* **WHAT YOU NEED TO DO**:
Below this line is a set of entries; quote exactly the lines from the line that contains "Vue intérieure côté" to the line that contains "Modern open-concept kitchen", both lines included.

----------

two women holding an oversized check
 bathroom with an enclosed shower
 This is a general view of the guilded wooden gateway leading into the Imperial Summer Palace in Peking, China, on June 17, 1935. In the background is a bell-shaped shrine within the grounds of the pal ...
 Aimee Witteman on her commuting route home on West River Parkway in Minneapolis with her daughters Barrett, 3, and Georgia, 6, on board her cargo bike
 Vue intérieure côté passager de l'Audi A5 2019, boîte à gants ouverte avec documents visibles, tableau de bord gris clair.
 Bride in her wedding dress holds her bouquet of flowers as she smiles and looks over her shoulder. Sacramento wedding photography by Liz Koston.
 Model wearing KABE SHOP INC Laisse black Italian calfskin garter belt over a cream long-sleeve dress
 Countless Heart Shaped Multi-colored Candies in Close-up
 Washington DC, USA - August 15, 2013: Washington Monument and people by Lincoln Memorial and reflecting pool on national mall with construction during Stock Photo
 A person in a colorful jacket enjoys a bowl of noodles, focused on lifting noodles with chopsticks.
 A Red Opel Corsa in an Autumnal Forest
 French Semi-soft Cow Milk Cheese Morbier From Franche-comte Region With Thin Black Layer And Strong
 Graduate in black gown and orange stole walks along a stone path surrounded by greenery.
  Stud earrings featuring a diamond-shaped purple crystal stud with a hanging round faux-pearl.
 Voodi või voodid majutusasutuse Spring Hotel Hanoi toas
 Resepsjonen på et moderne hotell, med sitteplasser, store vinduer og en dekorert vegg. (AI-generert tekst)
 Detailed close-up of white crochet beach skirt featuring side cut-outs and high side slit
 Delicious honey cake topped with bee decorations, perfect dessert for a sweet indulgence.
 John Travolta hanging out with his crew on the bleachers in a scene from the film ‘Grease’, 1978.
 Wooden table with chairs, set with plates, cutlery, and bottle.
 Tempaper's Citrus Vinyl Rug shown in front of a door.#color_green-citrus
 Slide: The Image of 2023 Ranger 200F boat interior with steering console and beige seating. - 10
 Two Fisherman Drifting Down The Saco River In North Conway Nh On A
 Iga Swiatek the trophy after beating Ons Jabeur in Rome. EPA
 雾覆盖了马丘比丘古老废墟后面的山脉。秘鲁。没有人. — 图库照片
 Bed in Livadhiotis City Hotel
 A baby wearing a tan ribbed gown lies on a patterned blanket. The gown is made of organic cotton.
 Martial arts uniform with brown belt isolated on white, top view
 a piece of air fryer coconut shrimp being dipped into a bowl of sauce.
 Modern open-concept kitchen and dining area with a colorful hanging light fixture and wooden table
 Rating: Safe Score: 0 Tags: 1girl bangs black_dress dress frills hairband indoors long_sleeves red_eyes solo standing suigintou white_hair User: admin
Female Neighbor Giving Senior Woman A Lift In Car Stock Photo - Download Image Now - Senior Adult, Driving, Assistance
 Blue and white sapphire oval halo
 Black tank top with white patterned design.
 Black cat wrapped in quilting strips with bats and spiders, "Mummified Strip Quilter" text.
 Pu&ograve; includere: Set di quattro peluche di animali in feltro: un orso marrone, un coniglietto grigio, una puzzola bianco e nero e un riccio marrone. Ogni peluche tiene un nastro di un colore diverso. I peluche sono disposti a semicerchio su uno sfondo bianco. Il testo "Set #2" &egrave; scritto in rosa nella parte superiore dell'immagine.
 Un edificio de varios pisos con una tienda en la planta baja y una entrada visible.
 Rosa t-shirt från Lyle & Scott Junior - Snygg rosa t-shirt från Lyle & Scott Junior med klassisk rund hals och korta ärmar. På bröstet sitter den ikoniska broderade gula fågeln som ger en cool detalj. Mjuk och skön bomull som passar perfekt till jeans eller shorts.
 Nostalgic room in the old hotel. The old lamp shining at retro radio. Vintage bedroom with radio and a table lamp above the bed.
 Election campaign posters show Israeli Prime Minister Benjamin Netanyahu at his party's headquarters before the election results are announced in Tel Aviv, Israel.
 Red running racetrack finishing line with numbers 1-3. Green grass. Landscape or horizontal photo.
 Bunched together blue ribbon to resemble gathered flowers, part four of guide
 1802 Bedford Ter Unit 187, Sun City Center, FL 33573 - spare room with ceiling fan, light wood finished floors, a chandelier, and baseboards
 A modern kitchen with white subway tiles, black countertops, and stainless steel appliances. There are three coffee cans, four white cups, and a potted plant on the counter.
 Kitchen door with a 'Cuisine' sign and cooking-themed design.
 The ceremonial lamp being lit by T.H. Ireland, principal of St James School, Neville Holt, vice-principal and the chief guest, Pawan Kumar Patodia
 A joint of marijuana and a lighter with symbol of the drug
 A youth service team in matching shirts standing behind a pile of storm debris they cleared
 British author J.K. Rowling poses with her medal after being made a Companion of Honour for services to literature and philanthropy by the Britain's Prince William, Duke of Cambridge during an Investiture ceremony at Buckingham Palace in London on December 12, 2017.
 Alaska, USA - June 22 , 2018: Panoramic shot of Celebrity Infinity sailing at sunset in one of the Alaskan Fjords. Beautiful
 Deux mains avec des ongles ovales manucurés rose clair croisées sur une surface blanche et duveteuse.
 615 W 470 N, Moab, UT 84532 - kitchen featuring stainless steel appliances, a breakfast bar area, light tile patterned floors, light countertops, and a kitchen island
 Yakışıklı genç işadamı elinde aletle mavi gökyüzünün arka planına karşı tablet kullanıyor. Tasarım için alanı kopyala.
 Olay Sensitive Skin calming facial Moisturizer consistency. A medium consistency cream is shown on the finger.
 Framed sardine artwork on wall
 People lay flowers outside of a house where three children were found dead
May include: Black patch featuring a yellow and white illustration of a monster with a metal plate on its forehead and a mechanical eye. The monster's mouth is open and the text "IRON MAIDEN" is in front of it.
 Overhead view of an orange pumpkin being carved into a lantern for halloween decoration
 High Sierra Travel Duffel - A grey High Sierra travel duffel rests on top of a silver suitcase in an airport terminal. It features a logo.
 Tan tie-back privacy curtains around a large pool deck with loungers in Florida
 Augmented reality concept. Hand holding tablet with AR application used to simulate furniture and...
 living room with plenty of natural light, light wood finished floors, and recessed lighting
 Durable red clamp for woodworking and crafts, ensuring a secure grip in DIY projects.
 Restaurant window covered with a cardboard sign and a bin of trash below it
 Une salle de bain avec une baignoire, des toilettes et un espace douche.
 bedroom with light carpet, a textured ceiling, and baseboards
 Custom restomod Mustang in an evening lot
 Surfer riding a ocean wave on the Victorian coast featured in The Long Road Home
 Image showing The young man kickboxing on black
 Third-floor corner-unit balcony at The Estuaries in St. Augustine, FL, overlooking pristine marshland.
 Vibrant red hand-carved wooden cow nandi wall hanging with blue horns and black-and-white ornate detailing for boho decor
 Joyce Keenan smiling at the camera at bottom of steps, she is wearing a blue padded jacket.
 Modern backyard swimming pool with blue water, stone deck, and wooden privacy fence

----------

* **OUTPUT FOR THIS TASK**:
 Vue intérieure côté passager de l'Audi A5 2019, boîte à gants ouverte avec documents visibles, tableau de bord gris clair.
 Bride in her wedding dress holds her bouquet of flowers as she smiles and looks over her shoulder. Sacramento wedding photography by Liz Koston.
 Model wearing KABE SHOP INC Laisse black Italian calfskin garter belt over a cream long-sleeve dress
 Countless Heart Shaped Multi-colored Candies in Close-up
 Washington DC, USA - August 15, 2013: Washington Monument and people by Lincoln Memorial and reflecting pool on national mall with construction during Stock Photo
 A person in a colorful jacket enjoys a bowl of noodles, focused on lifting noodles with chopsticks.
 A Red Opel Corsa in an Autumnal Forest
 French Semi-soft Cow Milk Cheese Morbier From Franche-comte Region With Thin Black Layer And Strong
 Graduate in black gown and orange stole walks along a stone path surrounded by greenery.
  Stud earrings featuring a diamond-shaped purple crystal stud with a hanging round faux-pearl.
 Voodi või voodid majutusasutuse Spring Hotel Hanoi toas
 Resepsjonen på et moderne hotell, med sitteplasser, store vinduer og en dekorert vegg. (AI-generert tekst)
 Detailed close-up of white crochet beach skirt featuring side cut-outs and high side slit
 Delicious honey cake topped with bee decorations, perfect dessert for a sweet indulgence.
 John Travolta hanging out with his crew on the bleachers in a scene from the film ‘Grease’, 1978.
 Wooden table with chairs, set with plates, cutlery, and bottle.
 Tempaper's Citrus Vinyl Rug shown in front of a door.#color_green-citrus
 Slide: The Image of 2023 Ranger 200F boat interior with steering console and beige seating. - 10
 Two Fisherman Drifting Down The Saco River In North Conway Nh On A
 Iga Swiatek the trophy after beating Ons Jabeur in Rome. EPA
 雾覆盖了马丘比丘古老废墟后面的山脉。秘鲁。没有人. — 图库照片
 Bed in Livadhiotis City Hotel
 A baby wearing a tan ribbed gown lies on a patterned blanket. The gown is made of organic cotton.
 Martial arts uniform with brown belt isolated on white, top view
 a piece of air fryer coconut shrimp being dipped into a bowl of sauce.
 Modern open-concept kitchen and dining area with a colorful hanging light fixture and wooden table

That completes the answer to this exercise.